The Wall Street Journal is cutting back the size of its newspaper as part of a redesign that will save it $18 million per year, the newspaper's publisher Dow Jones & Co. said Tuesday.
The changes will be phased in over the next few months and continue through next year, with the smaller format appearing in January 2007 after the presses in the Journal's 17 printing locations are adjusted.
The main cost savings will come from using less newsprint as the newspaper reduces its width by about the size of one of its six columns, or about 20 percent.
Many other newspapers have also reduced their size in recent years, responding to higher newsprint costs and research finding that many readers prefer smaller newspapers.
The Journal had long held out against reducing its size, but a prolonged slump in financial and technology advertising has badly hurt the newspaper, where advertising volume has declined every year since 2001.
The Journal's editor, Paul Steiger, said in a statement that the design changes would result in a more convenient format, having fewer stories "jump" to inside pages; devoting less space to market statistics; including more links to the Journal's online edition, and using more "signposts" to guide readers to stories.
The Journal has made several other changes in recent years in hopes of bringing in more readers and advertisers, most recently the launch of a Saturday edition last month.
The paper also introduced an extra section called Personal Journal in 2002, at the same time it added more color to its pages, redesigned its typeface and made other format changes.

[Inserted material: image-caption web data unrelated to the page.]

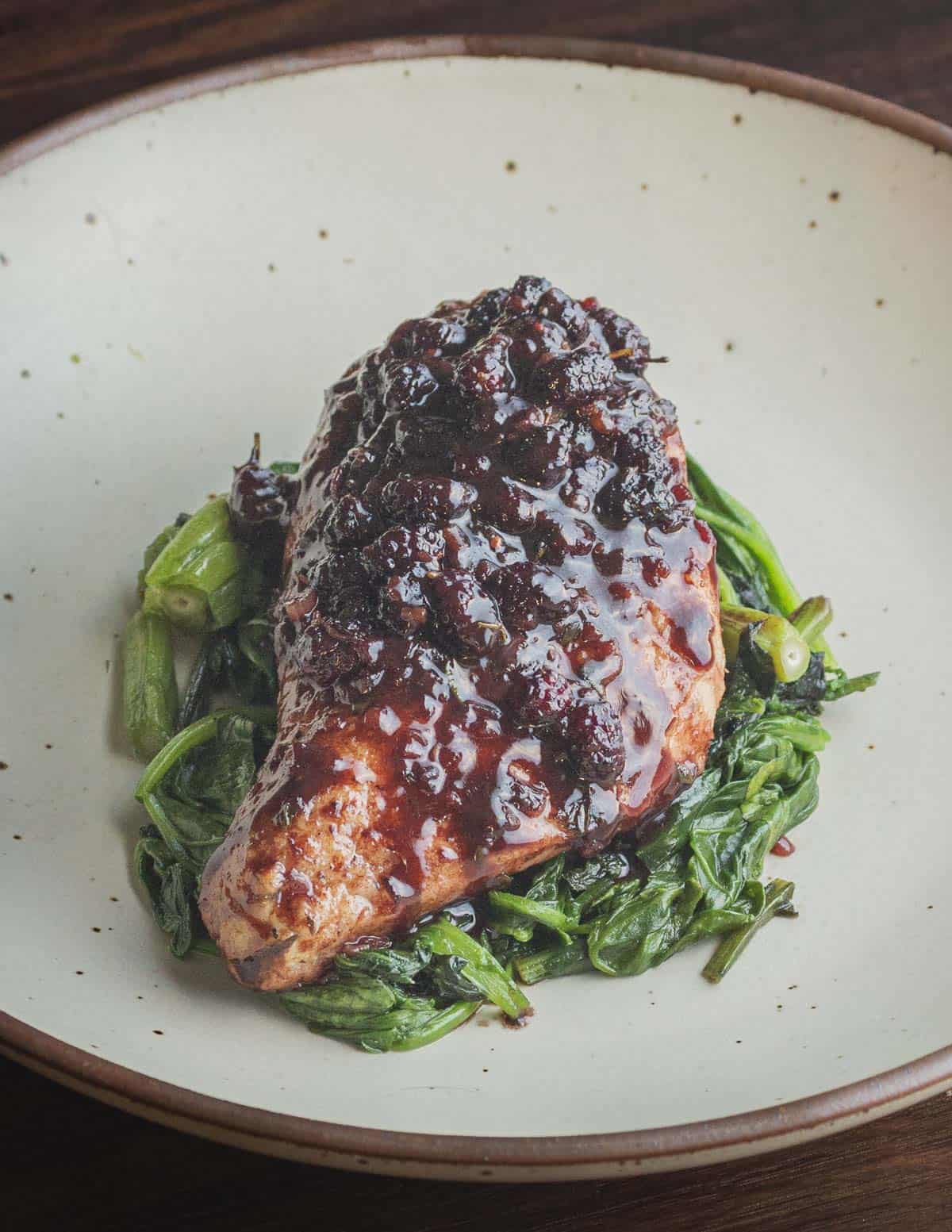 A boneless skinless chicken breast topped with mulberry sauce served on buttered wild lettuce greens. 
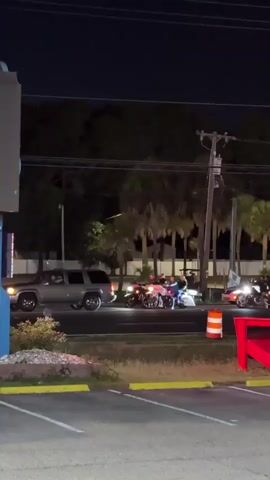 At night, a group of motorcycles are stopped at a traffic light, behind a silver SUV and ahead of a white sedan. The scene is lit by streetlights. Palm trees line the road. A large red chair sits in the foreground, and a sign for a gas station is visible on the right. The camera pans to the right as the motorcycles start to move.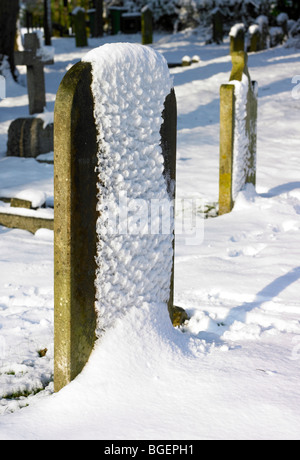 La neige a couvert une pierre tombale dans un cimetière Banque D'Images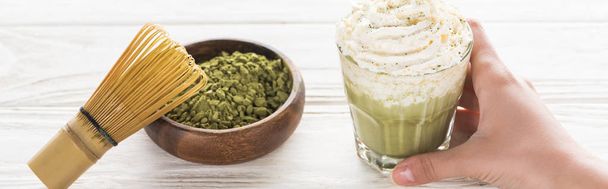 Cropped view of woman holding matcha matcha tea with whipped cream on table with whisk and powder  - Photo, Image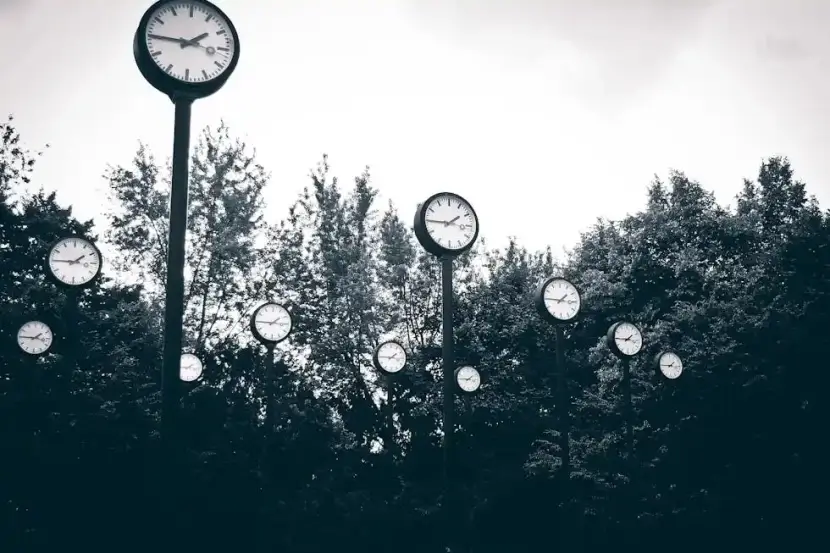 Outdoor clocks in a forest, representing German temporal prepositions like 'um' (at) and 'vor' (before).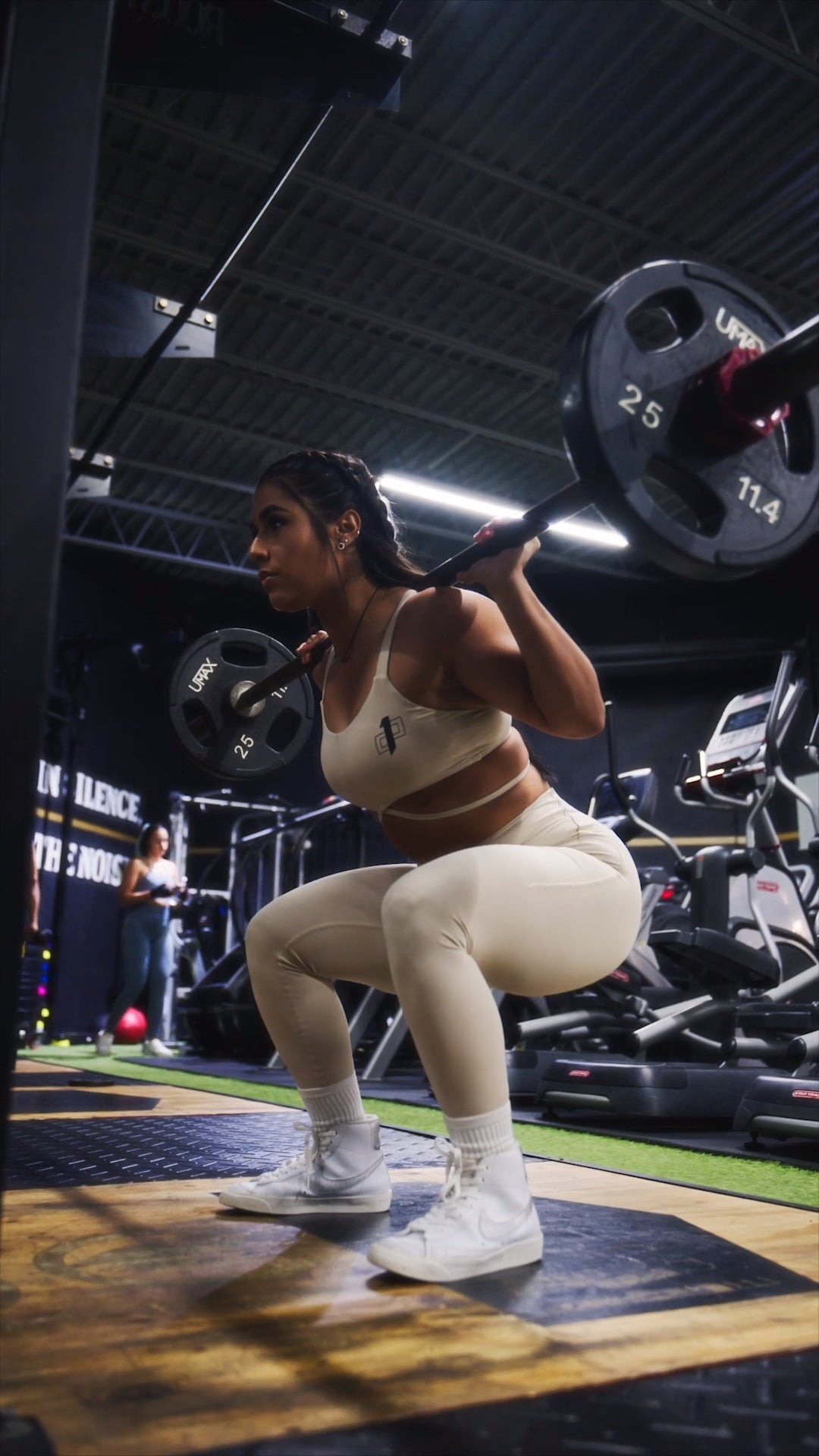 Woman performing weighted squat in gym demonstrating how to master the squat with proper form and technique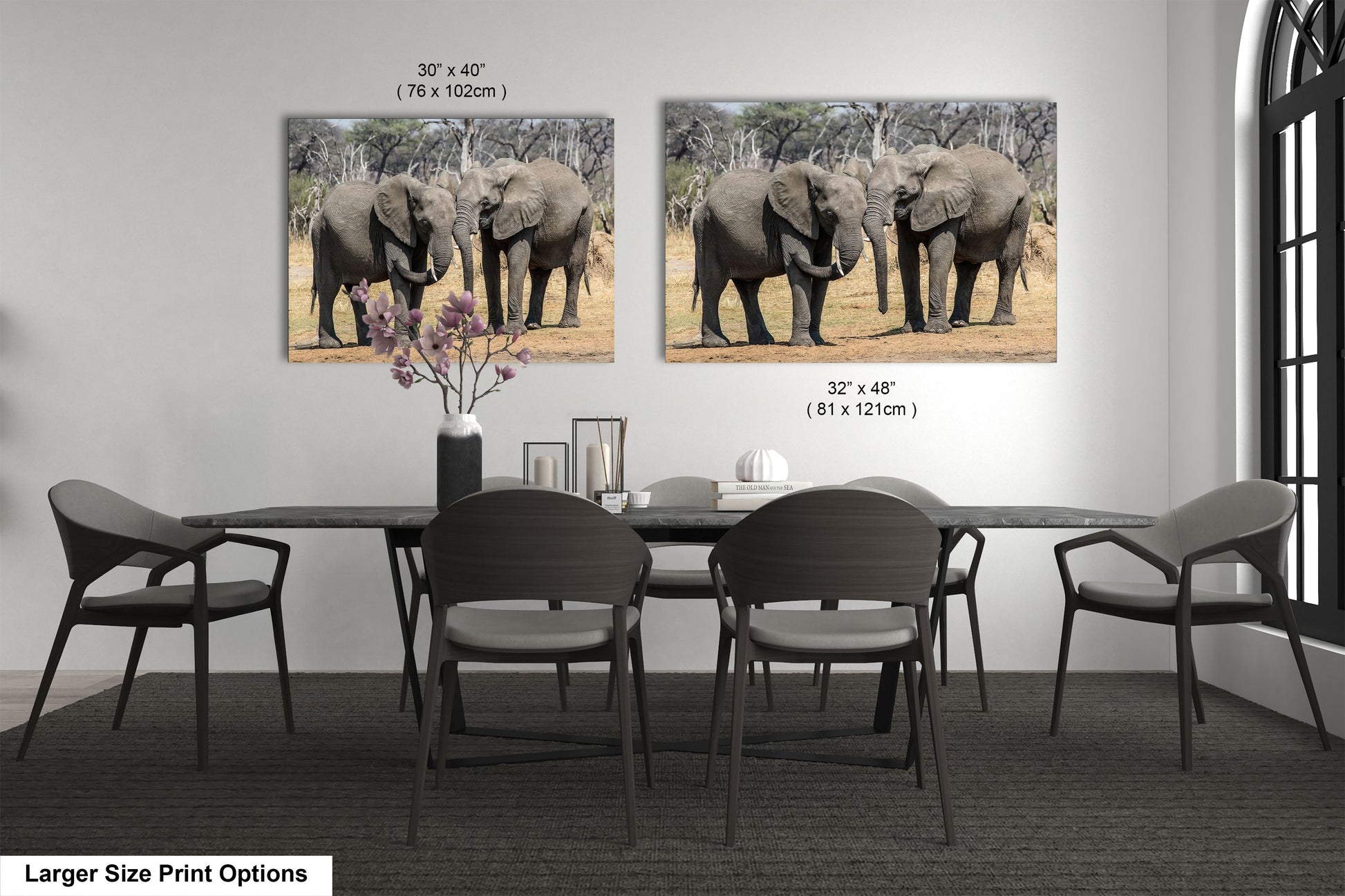 a dining room table with chairs and two pictures of elephants on the wall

And in 1998, the Journal introduced a leisure and lifestyle section called Weekend Journal which has proven to be a hit with advertisers.
Dow Jones has made other design changes recently to cut costs, including scaling back its Asian business magazine, the Far Eastern Economic Review, and reformatting its Asian and European editions to a more compact format.
Peter Kann, the CEO of Dow Jones, said the changes in the U.S. Journal would result in $13 million in one-time training, development and marketing costs, and then annual savings of about $18 million, mainly from lower newsprint use.
Paul Ginocchio, a newspaper industry analyst with Deutsche Bank, applauded Dow Jones's efforts to save money, but also wondered whether the changes also indicated weaker expectations for revenue growth going forward. "There's a view from Dow Jones that they need to keep taking costs out of the business," Ginocchio said.